**To do**. Without including any image, repeat every record exactly.

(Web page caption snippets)
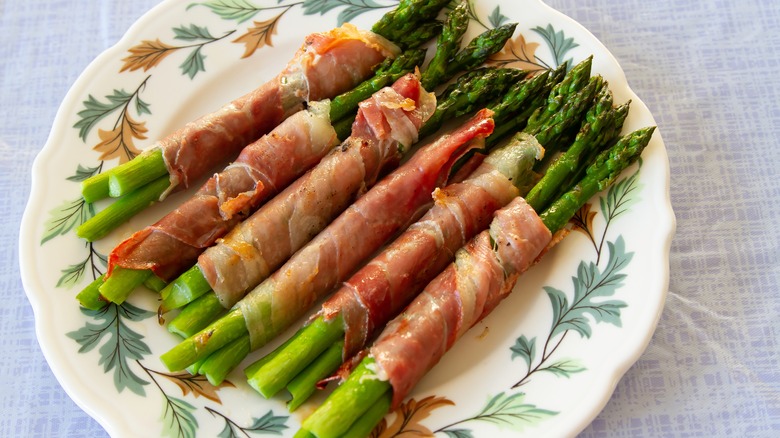 A closeup of prosciutto-wrapped asparagus spears on a plate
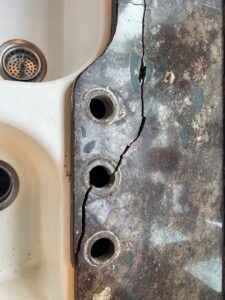 Granite countertop restored by Sureshine Care and Restoration Services, Inc. in a Dallas home, showing a seamless repair and renewed polished finish.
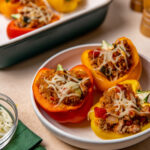 Three low-sodium stuffed peppers in a white bowl.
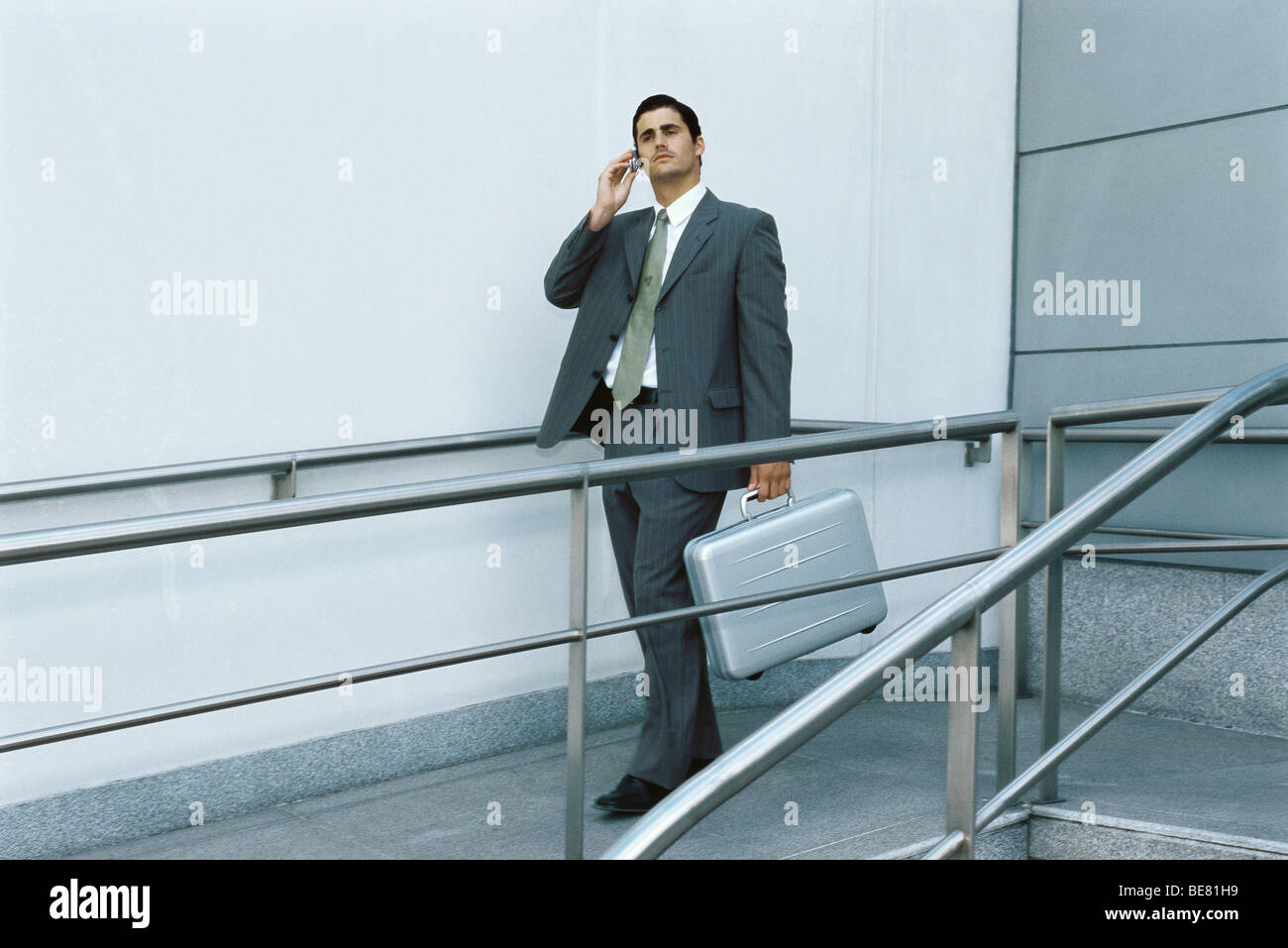 Geschäftsmann zu Fuß auf dem Bürgersteig mit Handy, mit Aktentasche Stockfoto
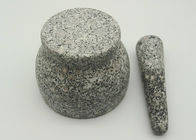 Mortaio e pestello di pietra naturale, mortaio del granito dell'erba e pestello solidi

**Solution for this task**.
 A closeup of prosciutto-wrapped asparagus spears on a plate
 Granite countertop restored by Sureshine Care and Restoration Services, Inc. in a Dallas home, showing a seamless repair and renewed polished finish.
 Three low-sodium stuffed peppers in a white bowl.
 Geschäftsmann zu Fuß auf dem Bürgersteig mit Handy, mit Aktentasche Stockfoto
 Mortaio e pestello di pietra naturale, mortaio del granito dell'erba e pestello solidi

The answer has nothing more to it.